++++ AVAILABLE DATA
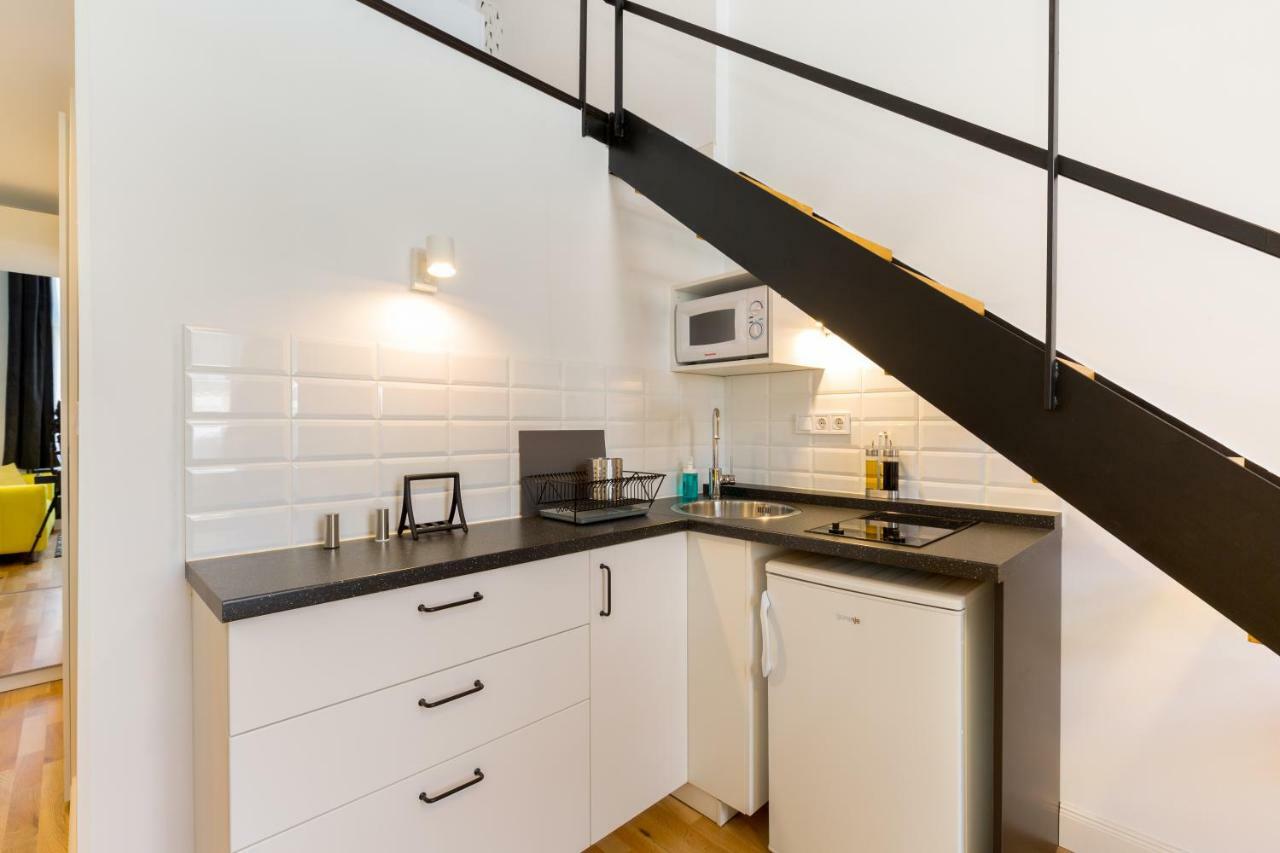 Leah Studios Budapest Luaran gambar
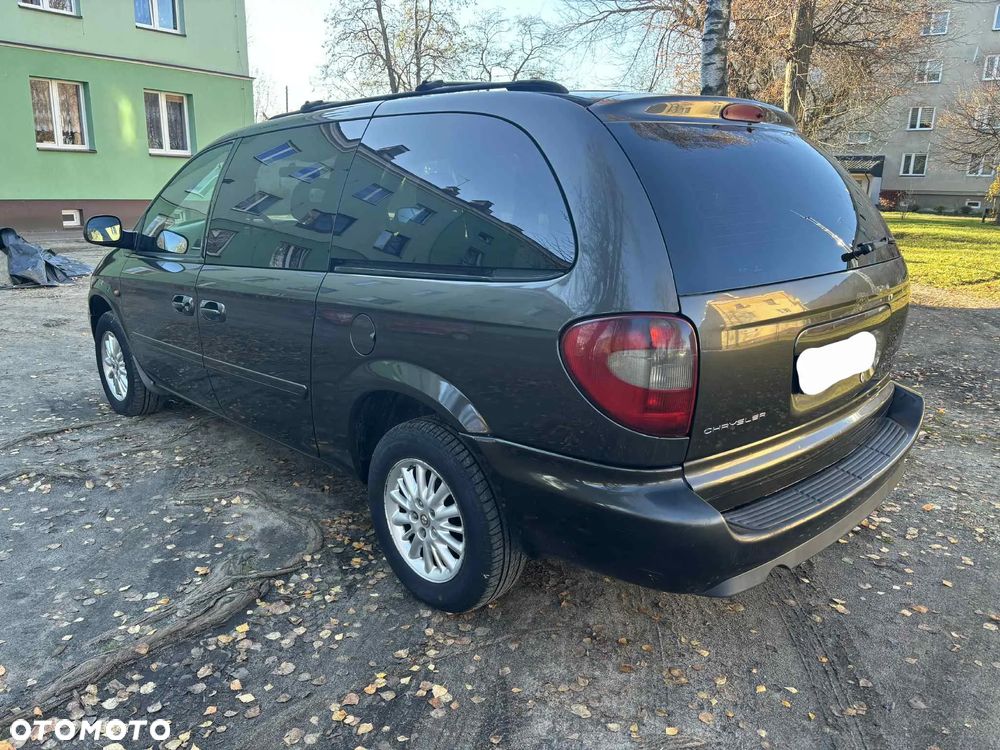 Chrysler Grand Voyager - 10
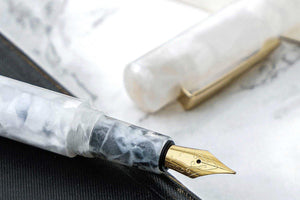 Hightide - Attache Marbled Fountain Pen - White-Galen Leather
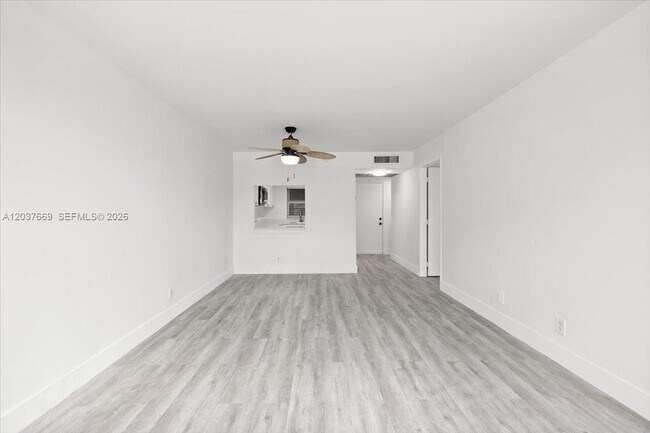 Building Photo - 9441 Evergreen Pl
++++++++
• WORK ITEM: Could you give the material again exactly as it stands, omitting any image?

• SOLUTION FOR THIS EXERCISE:
 Leah Studios Budapest Luaran gambar
 Chrysler Grand Voyager - 10
 Hightide - Attache Marbled Fountain Pen - White-Galen Leather
 Building Photo - 9441 Evergreen Pl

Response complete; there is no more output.